|An Extension for Stefan's Matrix Multi-Tool Program|
Message #1 Posted by Palmer O. Hanson, Jr. on 4 May 2008, 9:31 a.m.
In a thread starting on of November 2, 2007 Stefan Vorkoetter announced that a Matrix Multi-Tool program for the HP-35s was available at his site http://www.stefanv.com/calculators/hp35s_matrix_multitool.html . He noted that his program "... is a long way from being as powerful as the facilities provided by the 15C, 41C/Advantage, or 42s, but it does provide several useful matrix operations in one simple tool. It is loosely modelled after the Advantage Pac matrix program and provides an easy-to-use subset of the functionality of the matrix library...."
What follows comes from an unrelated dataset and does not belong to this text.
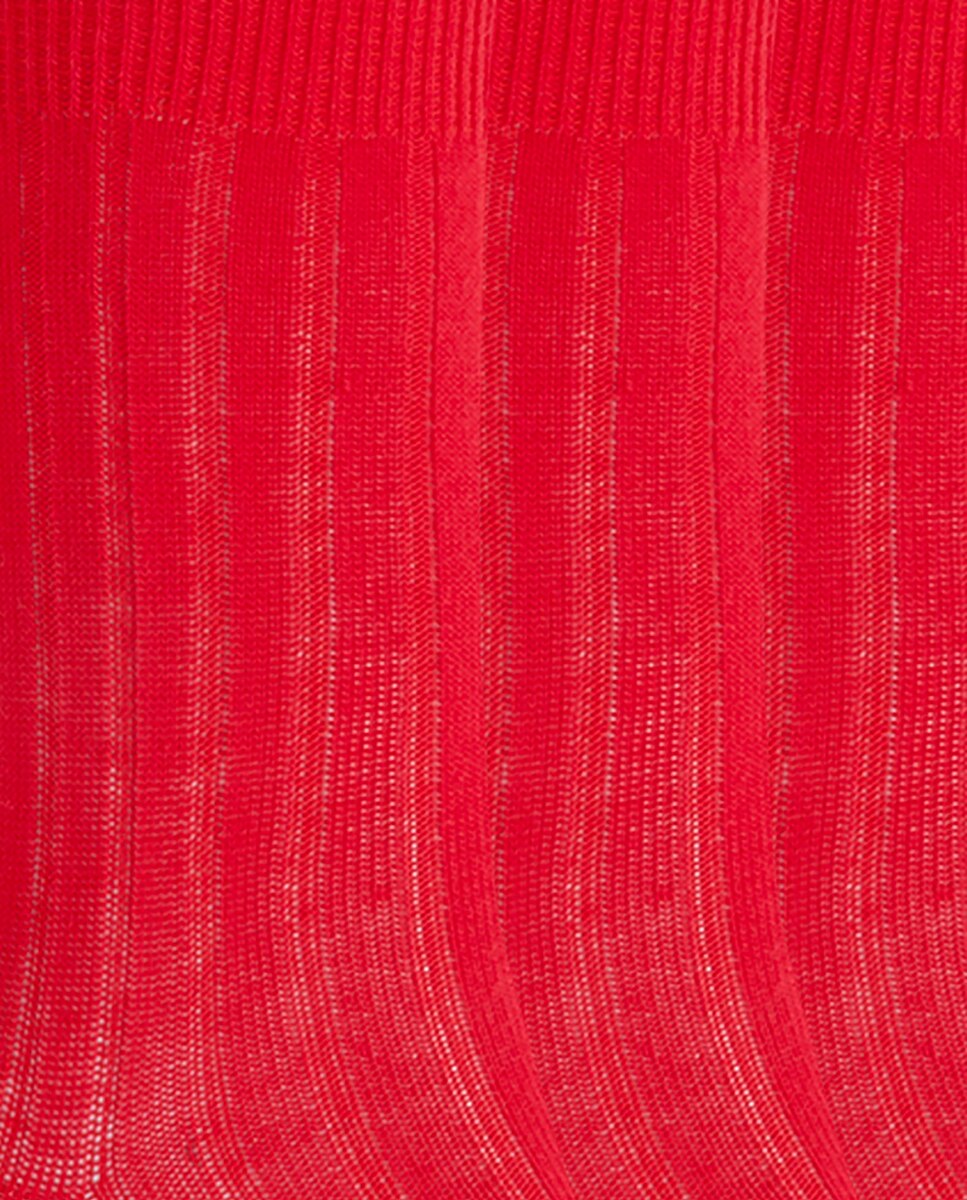 Pack de 6 pares de calcetines de algodón de canalé Basix - Punto Blanco - Rojo Rojo-2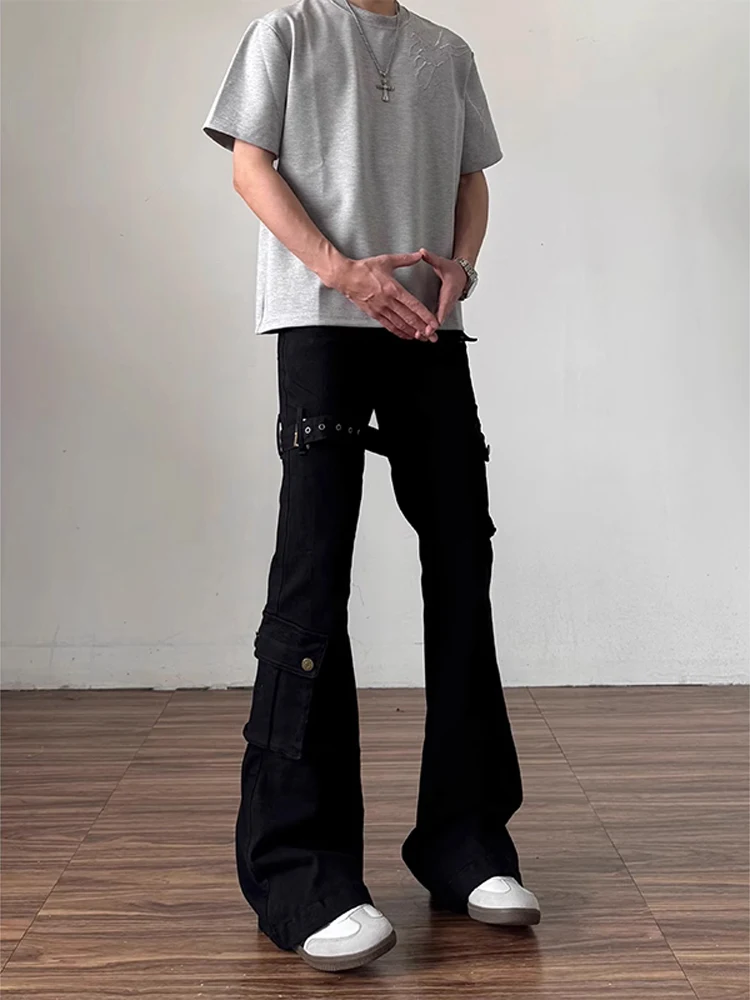 

Cleanfit American High Street Style Men's Micro Flare Denim Jeans Belted Design Casual Straight Leg Trousers for Teens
The program described in detail in Article 886 was written to work with Stefan's program and provide more of the matrix processing functions that one finds in machines such as the HP-28S and TI-86. This program relies on Stefan's program for entry and readout of data, and for solution of linear equations. Stefan's program uses one matrix (Matrix A) and one vector (Vector B) for input and output. His program also uses a second matrix (which I shall call Matrix C) during the linear equation solution. Matrix C is not directly accessible through Stefan's input and output routines. This program adds a storage matrix (which I shall call Matrix D). Additional matrix processing functions provided by this program include:
Calculation of Frobenius norm (ABS), the row norm, and the column norm of Matrix A.
Moving of matrices between Stefan's matrix A and either his matrix C or the added storage matrix D using store, recall and exchange commands. Moving of matrices directly between Matrix C and Matrix D is not provided.
Matrix mathematics including the product of Matrix A and Vector b, the product of Matrix A and Matrix C, and the sum or difference between Matrix A and Matrix C.
Special operations such as the dot product of Matrix A and Matrix C, the formation of an identity matrix in Matrix A, the filling Matrix A with a user-defind constant value, and the transpose of Matrix A.